# how much can it hang over the back



## breamboy (Nov 2, 2005)

Hi all just a quick question i have a ute and was woundering how much the yak can hang out the back of it as i dont have bars it will just sit in the tub and also is there a law for it.

cheers 
Tim


----------



## mehi (May 25, 2009)

I think its 1.2 mtrs providing you can see your tail lights. But your probably better to check with the transport department

Cheers Dave


----------



## blaggon (Jan 14, 2008)

yes i believe it is 1.2m overhang in NSW


----------



## GoneFishn (May 17, 2007)

This should help you out
http://www.vicroads.vic.gov.au/NR/rdonl ... n01833.pdf


----------



## breamboy (Nov 2, 2005)

thanks heaps guys


----------



## Big D (Apr 28, 2007)

Looking at the link above it seems that no rear overhang is allowed at all???? Is this right


----------



## outbreakmonkey (Aug 31, 2009)

If you read the fine print there isn't really a maximum overhang provided that anything over 1.2m has a flag attached during the day and a red light at night. This is assuming that the copper considers it 'difficult' for the following driver to see the load in the first place.

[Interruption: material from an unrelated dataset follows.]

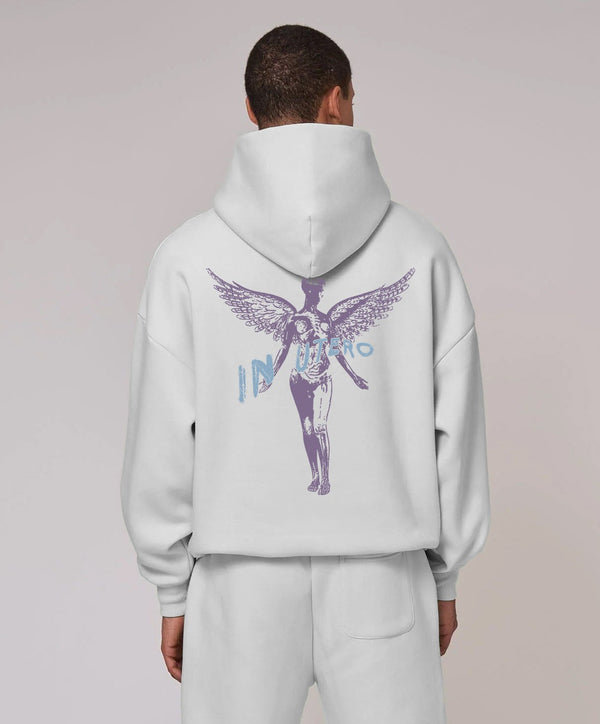 Beyaz Kapüşonlu İçi Polar Nirvana İn Utero Baskılı Unisex Hoodie Sweatshirt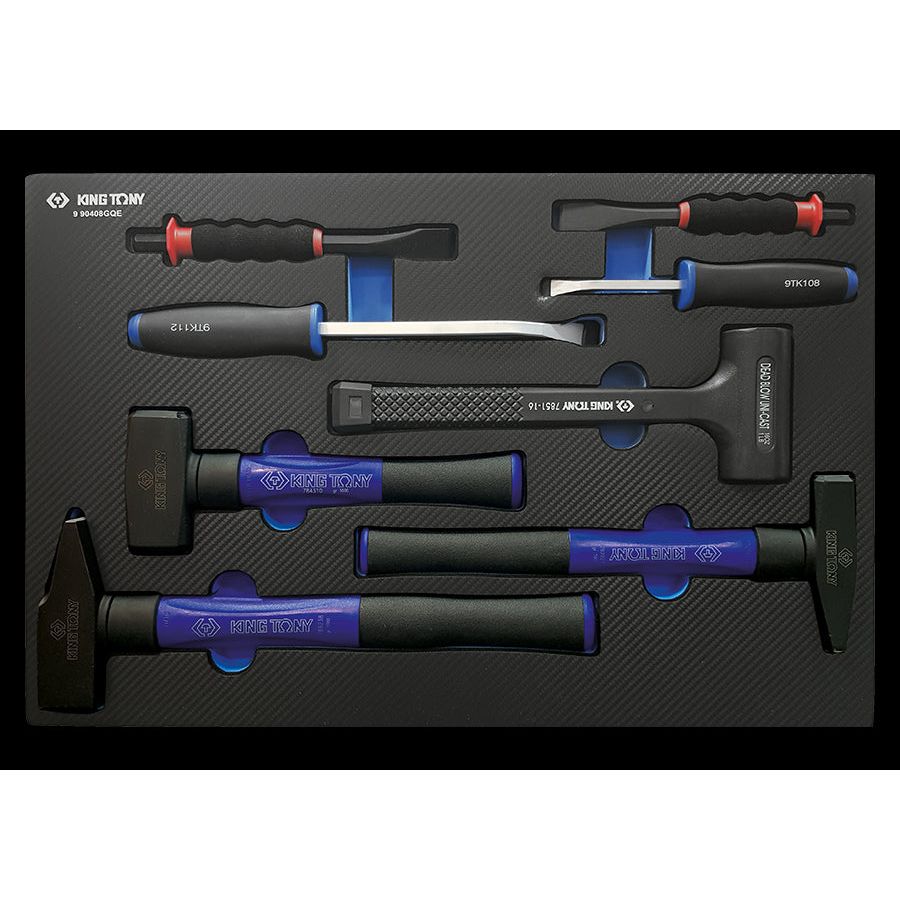KING TONY Profi-Werkzeuge - Hammer, Meißel und Krafthebel-Set, EVAWAVE - 8 tlg. 990408GQE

In all honesty I think it'd be incredibly unlucky for a vic copper to pull you over for such a thing. They're too busy harassing people for being a few kph over the limit on dead straight open highways with little traffic......


----------



## tomca (Dec 1, 2007)

I got caught out by qld rules last year. 
If the load is more than 1m over the back, a flag needs to be hanging off it. 
BUT....the load cannot extend more than 60% of the wheelbase past the rear axle. Cost me $$$ to learn that extra bit, its not linked to the info that tells of the 1 metre rule


----------



## kayaksportsmark (Apr 1, 2009)

For those in Qld check this link http://www.transport.qld.gov.au/Home/Safety/Road/Standards/Projecting_loads/

I have been told you cannot have anything sticking out more than 60% of the wheel base length from the rear axle.
For example: if the distance from front axle to rear axle is 2m then from rear axle to end of load or in this case the end of the kayak is 1.2m So it isnt 1.2m from the back of the vehicle. Its 1.2m from the rear axle.

I always use a red flag hanging off the kayak when its sticking out behind the ute regardless of the length because people are stupid and dont look where they are going.


----------



## butts (Oct 7, 2007)

Gday All

I was told it was 1m past your number plate (vehicle or trailor).

Butts...


----------



## DnN (Oct 5, 2008)

In QLD the laws relating to overhang is based on the wheel base of the vehicle. Regardelss of the vehicle, it is not alwys legal to overhang by 1m. In fact, with many vehicles, especially utes, they are built to their maximum length, not allowing any overhang at all.

The simple calculations is that it is 60% of the wheel base, or 3.7m, which ever is the less. And for the majority of vehicles it is the 60% calculation. The calculation is measured from the centre of one wheel to the centre of the other (or axle group if it is a bogey rear end). The fine at the moment in QLD is about $100, it used to $75 till aunty anna wanted more money.

Yes, i realise that these are QLD laws, but i would almost bet that they have something similar, otherwise you would have idiots making utes and trucks with great big long trays on them, and still wanting to put overhang out the back of them.

To help understand a little more, there are actually to seperate infringements, one for length - eg a prime mover/semi trailer can only be 19 meters long by construction, full stop. however, its load is allowed to over hang 60% or 3.7m (which ever is the lessor), unless of course its tray/trailer is built to the maximum overhang.

here is a link to a brochure concerning QLD laws, but i'd bet my house on it that other states have something simliar.
http://www.transport.qld.gov.au/resourc ... ochure.pdf

At the other end, it is legal to have over hang 1.2m past headlights at the front.

Hope this helps and confuses some more....


----------